Switch to english version here
ausblenden
ausblenden

»Kunst ist keine Bekenntnisplattform«

Ein Gespräch mit dem Komponisten, Songwriter und Popstar Albrecht Schrader.

Albrecht Schrader

Albrecht Schrader ist ehemaliger (Co-)Leiter des Rundfunk Tanzorchesters Ehrenfeld – bekannt aus Funk und Fernsehen –und damals zu seiner Zeit in Köln war er ein mehr als gern gesehener Gast im King Georg. Vor allem ist er aber ein grandioser Alleinunterhalter alter Schule, der wie die anderen Hamburger Größen (Carsten Erobique Meyer oder Rocko Schamoni) viel Bock auf Musik hat und auf verdammt gut gemachte Unterhaltung setzt. Wie eine Mischung aus Hans Albers und Hildegard Knef textet und singt er auch auf »Soft«, seinem dritten Solo-Album.
Am Rande seines exklusiven Auftritts im King Georg (sonst konnte man ihn vorerst nur in der Heimat und der Bundeshauptstadt erhaschen) führten wir dieses Interview.
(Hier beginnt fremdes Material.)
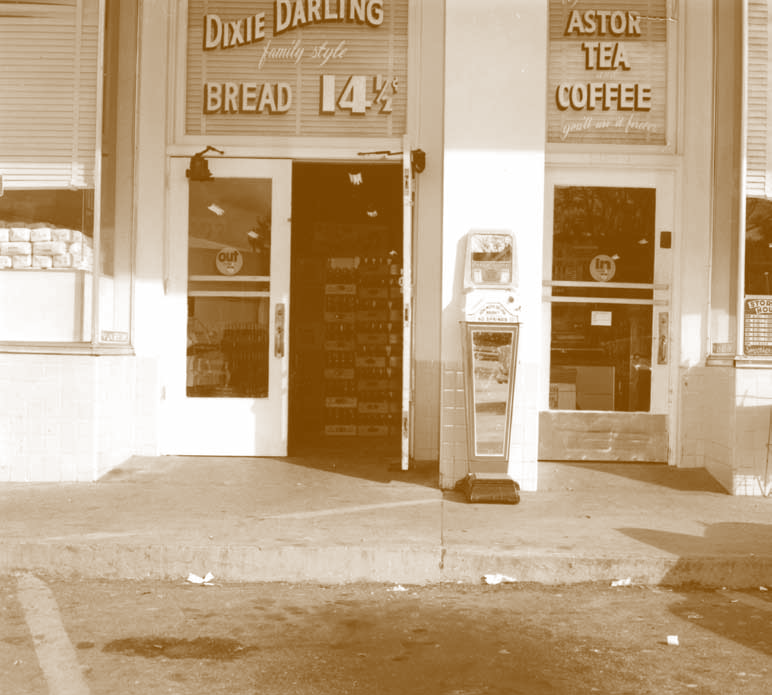 The front windows of this Winn-Dixie Food Store are adorned with handpainted advertisements. The ads shown include one for for Dixie Darling family style bread on sale for 14.5 cents and an ad for Astor Tea and Coffee.max-width:100%; max-height:100%;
Beginnen wir mit dem Offensichtlichen: Seit deinem letzten Konzert, 2019, ist es das erste Mal, dass du wieder in Köln ein Konzert gibst – ganz schön lang eingedenk der Tatsache, dass du hier fast 15 Jahre gewohnt hast. Nehmen wir diesen Tag zum Anlass darüber zu reden, was dich damals nach Köln verschlagen hat.

Ich bin 2005 aus Berlin – nach einem echt doofen Jahr dort – nach Köln zum Studieren gekommen. Ich hatte in Berlin bei ein paar Pop-Sachen mitgespielt; aus denen wurde aber nichts. Und ich wollte dann weg. Köln wurde es dann eigentlich eher aus Verlegenheit: Der Numerus Clausus passte. Obwohl ich niemanden kannte, schien mir das eine bessere Wahl als Hamburg, wo ich einfach nicht studieren wollte. Ich bin dort in den Elbvororten groß geworden und wollte damals einfach nicht mehr zurück, sondern nur weg. 

Wenn du Elbvororte sagst, dann muss man das aus Köln wo genau verorten?

Die psychosozialen Elbvororte beginnen hinter Bahrenfeld. Dann kommen hauptsächlich Ein-Familien-Häuser.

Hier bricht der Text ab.